What this task involves:
Please produce an exact transcription of the lines from the one containing "Disposable Plastic Lined" through the last line of the entries, leaving out every picture.

[Captioned web image data]
-----

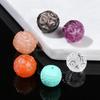 Joyería Jingdian, cuentas redondas con patrón de ágata de cristal natural, bola de ratán con flores, accesorios para tallado de joyas DIY, productos semiacabados al por mayor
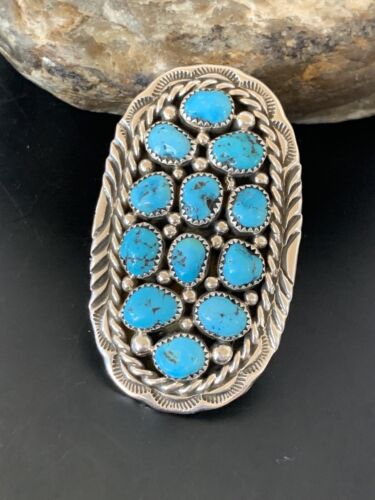 Navajo Blue Kingman Turquoise Cluster Ring | Authentic Native American Sterling Silver | Multi-Stone | Sz 6.5 | 11510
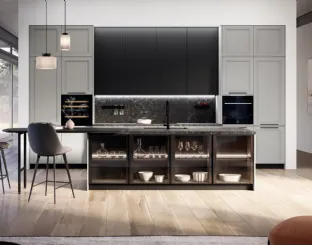 Classic kitchen with Opera 02 island in lacquer and wood by Arredo3.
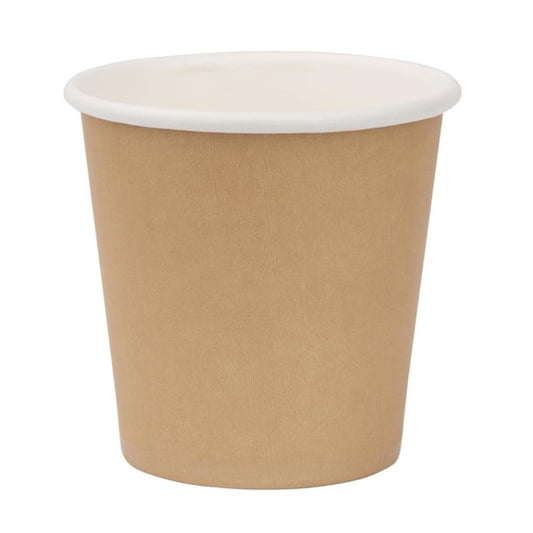 Disposable Plastic Lined Paper Drinking Cups Pack of 50 4oz Brown 0435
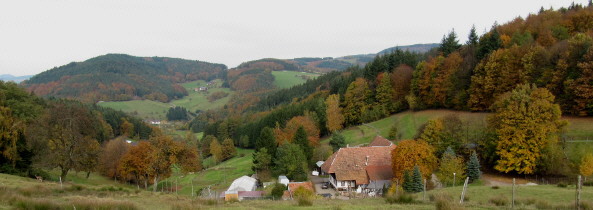 Blick von Freiamt-Raubühl nach Norden über den Pfingstberghof ins Schuttertal am 28.10.209 - Schweighausen rechts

-----

Output below:
 Disposable Plastic Lined Paper Drinking Cups Pack of 50 4oz Brown 0435
 Blick von Freiamt-Raubühl nach Norden über den Pfingstberghof ins Schuttertal am 28.10.209 - Schweighausen rechts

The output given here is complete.